一方、お供のものを連れていた別の家老玉井の前に、2人のきれいな娘が身をかがめて待っており、お願いがあります。他言を憚りますので、どうかお供の方を…と人払いを頼んで来る。

鼻の下を伸ばした玉井はお供の者たちに先に帰らせ、神社の階段に座り、じっくり両脇に身を寄せて来た2人の娘の話を聞くことにする。

すると、1人の娘が玉井のターさん!お願いと言うのはね、将軍に弓引くこと考えても叶わないわよ…と甘えた口調で迫って来る。

すると玉井は、そこもあるな〜…と言いながら鼻の下を伸ばすが、お止めになるなら、う〜んとサービスするわよなどと言い娘は顔を近づけて来るが、いつの間にかその娘は老人忠助に戻っていた。

すると、もう1人の娘も息子の忠太郎の姿に戻り、お父上!と老人に注意する。

玉井は驚き、曲者じゃ!と助けを呼ぶが、2人が印を結ぶと、縄が出て玉井を近くの木に縛り上げてしまう。

木の幹には、三角マークの中に卍のあの印が書かれていた。

山形城内に出現したのは、新六郎と時次郎だった。

2人は別々に姿を消し、別行動をする。

深夜、居眠りをしている腰元たちたちと一緒にいた浦里の部屋に現れた春日時次郎は、驚く浦里の前で、居眠りをしていた腰元たちを全員消してしまう。

その頃、他の六剣士たちは、とある庵の中で2人の帰りを待っていたが、そんな中、まだ旨く忍術を使いこなせない老人の忠助は、息子の忠太郎に忍術の使い方を教わっていた。
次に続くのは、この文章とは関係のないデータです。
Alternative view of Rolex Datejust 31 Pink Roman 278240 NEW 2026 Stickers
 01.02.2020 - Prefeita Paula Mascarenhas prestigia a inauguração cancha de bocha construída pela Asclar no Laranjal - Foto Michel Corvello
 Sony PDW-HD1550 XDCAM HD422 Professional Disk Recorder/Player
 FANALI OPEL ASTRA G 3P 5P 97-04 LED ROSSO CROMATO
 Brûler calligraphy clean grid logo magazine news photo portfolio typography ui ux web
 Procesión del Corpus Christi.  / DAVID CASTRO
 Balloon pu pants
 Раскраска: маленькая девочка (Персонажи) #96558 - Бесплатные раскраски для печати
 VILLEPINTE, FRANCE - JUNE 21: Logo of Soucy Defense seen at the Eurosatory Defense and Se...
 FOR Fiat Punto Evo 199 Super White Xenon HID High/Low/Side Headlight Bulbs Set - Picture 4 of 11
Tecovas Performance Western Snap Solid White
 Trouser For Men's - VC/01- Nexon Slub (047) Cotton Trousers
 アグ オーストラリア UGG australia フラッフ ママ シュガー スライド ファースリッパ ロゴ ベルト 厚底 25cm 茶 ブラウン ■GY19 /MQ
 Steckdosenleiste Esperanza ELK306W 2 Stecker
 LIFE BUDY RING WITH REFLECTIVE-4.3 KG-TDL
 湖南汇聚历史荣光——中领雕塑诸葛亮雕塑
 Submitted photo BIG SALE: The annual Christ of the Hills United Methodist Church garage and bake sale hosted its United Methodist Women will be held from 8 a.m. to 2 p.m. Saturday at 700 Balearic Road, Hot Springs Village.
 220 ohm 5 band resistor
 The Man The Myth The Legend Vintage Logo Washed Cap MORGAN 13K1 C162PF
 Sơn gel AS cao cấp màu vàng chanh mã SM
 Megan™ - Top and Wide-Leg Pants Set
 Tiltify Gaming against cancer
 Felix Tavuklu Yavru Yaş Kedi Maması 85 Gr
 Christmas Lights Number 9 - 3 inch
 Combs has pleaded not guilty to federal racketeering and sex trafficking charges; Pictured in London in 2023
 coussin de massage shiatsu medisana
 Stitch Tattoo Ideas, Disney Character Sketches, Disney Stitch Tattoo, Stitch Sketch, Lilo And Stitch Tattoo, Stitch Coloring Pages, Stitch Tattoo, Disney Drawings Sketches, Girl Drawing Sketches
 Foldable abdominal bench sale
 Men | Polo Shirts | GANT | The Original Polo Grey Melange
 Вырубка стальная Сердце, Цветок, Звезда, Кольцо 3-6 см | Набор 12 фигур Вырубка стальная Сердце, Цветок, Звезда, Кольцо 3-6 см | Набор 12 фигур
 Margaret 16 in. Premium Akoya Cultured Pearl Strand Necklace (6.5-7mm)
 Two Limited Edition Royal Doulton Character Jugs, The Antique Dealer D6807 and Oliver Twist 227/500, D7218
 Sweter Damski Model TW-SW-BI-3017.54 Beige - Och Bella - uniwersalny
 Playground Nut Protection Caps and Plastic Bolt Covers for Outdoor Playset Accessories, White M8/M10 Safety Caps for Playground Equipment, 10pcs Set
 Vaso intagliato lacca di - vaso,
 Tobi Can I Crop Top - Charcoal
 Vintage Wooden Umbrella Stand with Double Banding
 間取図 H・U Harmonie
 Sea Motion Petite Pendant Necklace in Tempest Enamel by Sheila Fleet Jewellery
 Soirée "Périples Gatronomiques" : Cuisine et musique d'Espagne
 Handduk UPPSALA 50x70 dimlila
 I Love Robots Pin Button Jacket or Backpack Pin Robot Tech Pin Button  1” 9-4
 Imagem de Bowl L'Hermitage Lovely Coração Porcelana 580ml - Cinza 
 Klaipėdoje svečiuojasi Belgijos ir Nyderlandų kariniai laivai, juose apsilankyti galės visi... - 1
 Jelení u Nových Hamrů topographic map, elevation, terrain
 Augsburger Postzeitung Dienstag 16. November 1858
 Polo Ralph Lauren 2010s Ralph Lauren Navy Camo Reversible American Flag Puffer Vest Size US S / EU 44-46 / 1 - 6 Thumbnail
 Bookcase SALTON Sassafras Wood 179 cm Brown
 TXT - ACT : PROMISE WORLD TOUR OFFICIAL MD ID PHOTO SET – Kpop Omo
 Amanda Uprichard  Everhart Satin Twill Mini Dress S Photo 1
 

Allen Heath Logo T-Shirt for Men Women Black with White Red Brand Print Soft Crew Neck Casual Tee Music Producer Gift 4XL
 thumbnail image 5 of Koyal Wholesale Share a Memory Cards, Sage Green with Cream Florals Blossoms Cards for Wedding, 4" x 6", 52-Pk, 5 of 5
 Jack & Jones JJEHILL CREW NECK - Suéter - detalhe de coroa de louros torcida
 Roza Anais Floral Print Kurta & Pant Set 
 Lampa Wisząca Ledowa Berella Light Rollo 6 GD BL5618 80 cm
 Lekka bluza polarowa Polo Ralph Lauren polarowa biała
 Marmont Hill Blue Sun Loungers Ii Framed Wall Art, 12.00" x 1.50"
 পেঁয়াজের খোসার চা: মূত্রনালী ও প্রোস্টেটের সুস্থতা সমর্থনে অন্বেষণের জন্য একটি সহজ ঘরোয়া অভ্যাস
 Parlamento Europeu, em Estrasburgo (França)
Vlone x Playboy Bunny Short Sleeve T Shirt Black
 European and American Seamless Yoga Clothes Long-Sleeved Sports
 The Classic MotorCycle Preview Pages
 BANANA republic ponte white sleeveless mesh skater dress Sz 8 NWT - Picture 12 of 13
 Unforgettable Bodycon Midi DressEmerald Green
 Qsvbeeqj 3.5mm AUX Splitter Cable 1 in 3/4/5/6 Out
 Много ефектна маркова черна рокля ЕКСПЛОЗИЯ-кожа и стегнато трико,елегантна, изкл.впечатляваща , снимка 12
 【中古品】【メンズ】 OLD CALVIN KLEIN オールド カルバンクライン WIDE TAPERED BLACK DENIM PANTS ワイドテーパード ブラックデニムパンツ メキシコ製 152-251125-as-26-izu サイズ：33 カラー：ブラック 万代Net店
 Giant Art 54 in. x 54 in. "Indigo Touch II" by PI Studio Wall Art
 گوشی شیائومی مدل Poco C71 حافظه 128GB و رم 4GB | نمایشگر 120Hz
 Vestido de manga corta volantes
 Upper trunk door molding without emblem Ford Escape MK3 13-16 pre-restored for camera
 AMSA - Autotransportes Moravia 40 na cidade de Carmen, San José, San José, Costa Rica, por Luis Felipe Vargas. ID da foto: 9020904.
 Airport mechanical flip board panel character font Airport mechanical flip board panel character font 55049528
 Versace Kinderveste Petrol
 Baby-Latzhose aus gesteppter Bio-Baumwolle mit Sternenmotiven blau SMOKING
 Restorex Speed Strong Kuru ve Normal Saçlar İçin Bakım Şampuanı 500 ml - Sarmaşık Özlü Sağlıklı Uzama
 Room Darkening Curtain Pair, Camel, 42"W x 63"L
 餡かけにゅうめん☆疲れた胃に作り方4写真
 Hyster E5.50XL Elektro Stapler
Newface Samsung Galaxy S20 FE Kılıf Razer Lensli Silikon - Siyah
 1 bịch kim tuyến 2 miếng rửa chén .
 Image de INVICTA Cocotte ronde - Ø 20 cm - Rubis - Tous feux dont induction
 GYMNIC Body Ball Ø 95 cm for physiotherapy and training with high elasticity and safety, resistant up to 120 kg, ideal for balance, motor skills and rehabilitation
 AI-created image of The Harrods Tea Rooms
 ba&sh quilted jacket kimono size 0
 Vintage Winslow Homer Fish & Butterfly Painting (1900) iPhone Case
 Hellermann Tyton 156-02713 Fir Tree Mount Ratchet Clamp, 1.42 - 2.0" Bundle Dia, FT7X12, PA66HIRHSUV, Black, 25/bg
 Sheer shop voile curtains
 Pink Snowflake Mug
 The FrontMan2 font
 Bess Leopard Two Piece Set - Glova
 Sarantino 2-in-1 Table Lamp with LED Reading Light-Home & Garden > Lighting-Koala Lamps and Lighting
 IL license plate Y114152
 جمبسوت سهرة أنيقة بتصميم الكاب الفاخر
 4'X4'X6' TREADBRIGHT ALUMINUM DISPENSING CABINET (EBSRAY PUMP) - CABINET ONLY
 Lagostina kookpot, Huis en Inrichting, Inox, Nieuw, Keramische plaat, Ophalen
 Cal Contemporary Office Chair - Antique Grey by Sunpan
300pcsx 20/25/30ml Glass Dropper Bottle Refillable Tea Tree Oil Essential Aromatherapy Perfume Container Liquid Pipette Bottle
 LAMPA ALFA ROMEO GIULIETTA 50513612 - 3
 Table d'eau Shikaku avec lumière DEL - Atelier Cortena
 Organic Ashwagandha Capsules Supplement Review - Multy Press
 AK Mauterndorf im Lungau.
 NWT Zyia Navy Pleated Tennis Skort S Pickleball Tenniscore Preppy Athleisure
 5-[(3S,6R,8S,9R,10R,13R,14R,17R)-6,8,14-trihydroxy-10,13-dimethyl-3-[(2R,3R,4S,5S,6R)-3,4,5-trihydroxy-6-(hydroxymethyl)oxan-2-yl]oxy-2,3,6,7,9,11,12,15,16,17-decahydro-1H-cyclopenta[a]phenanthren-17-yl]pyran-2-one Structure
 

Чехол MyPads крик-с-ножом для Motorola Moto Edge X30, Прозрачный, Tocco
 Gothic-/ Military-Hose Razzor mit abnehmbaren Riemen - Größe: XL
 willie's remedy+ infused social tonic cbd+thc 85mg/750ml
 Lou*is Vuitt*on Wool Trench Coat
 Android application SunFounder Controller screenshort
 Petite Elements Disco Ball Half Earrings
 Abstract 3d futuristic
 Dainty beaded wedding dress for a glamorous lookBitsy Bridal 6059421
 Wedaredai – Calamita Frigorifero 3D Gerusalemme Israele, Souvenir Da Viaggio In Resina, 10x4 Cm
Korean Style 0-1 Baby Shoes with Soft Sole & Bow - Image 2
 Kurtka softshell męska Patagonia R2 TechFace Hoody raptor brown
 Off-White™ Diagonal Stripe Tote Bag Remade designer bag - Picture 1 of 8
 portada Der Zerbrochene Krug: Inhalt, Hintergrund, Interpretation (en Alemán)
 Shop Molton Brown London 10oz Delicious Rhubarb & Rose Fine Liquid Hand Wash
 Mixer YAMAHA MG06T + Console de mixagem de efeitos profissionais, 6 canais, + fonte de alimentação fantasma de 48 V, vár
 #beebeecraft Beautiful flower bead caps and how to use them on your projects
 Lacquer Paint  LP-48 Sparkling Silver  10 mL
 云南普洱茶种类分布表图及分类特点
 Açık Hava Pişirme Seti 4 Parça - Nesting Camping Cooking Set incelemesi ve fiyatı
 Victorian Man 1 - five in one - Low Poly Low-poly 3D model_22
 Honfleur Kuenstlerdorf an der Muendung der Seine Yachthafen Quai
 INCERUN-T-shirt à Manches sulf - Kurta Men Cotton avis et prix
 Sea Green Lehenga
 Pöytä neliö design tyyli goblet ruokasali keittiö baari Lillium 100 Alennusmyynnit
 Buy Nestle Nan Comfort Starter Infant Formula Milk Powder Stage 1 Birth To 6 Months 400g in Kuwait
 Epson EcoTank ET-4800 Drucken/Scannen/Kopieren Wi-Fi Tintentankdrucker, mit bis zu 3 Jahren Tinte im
息子は見事に消えてみせるが、真似て消えようとした忠助の方は一向に消えない。

その様子を観ていた他の剣士たちは、忠助老は、まだ1年生にもならぬよと笑う。

ところで、城に向かったご両人は大丈夫だろうか?と忠助が心配していると、心配ご無用と言いながら、水で手を洗っている新六郎が出現する。

明日はもっと驚かせてやろうと新六郎が計画を打ち明けると、忠助も、わしも早く忍術を会得するよと張り切る。

ときに春日殿は?と聞かれた新六郎は、気を効かせて浦里の部屋に置いて来たと笑う。

その頃、時次郎と二人きりになった浦里は、明日、大評定があります。出羽守の息子源五郎が天童に向かいますと知りえた情報を教えていたが、その部屋の様子を廊下から聞き耳を立てていた家臣が、曲者!と大声を上げる。

その時、春日の帰りを待ち受けていた新六郎は、庵の囲炉裏にかけた鍋が突然落ちたので、見破られたか!と叫び、仲間たちと共に助けに行く為一斉に消える。

忠助だけが又しても取り残されるが、少し高い所にあった庵から下に飛び降りると、ようやく煙と共に消える。

時次郎が孤軍奮闘している中、案じて部屋を飛び出して来た浦里が捕まってしまう。

敵の間者と通じるとは!成敗致すぞ!叩いて白状させろ!と最上出羽守は家臣に命じる。

それに気づいた時次郎は姿を消す。

出羽守の眼前、庭先の階段下で縛られ鞭打たれていた浦里は、突如、等身大の巨大な猫に変身する。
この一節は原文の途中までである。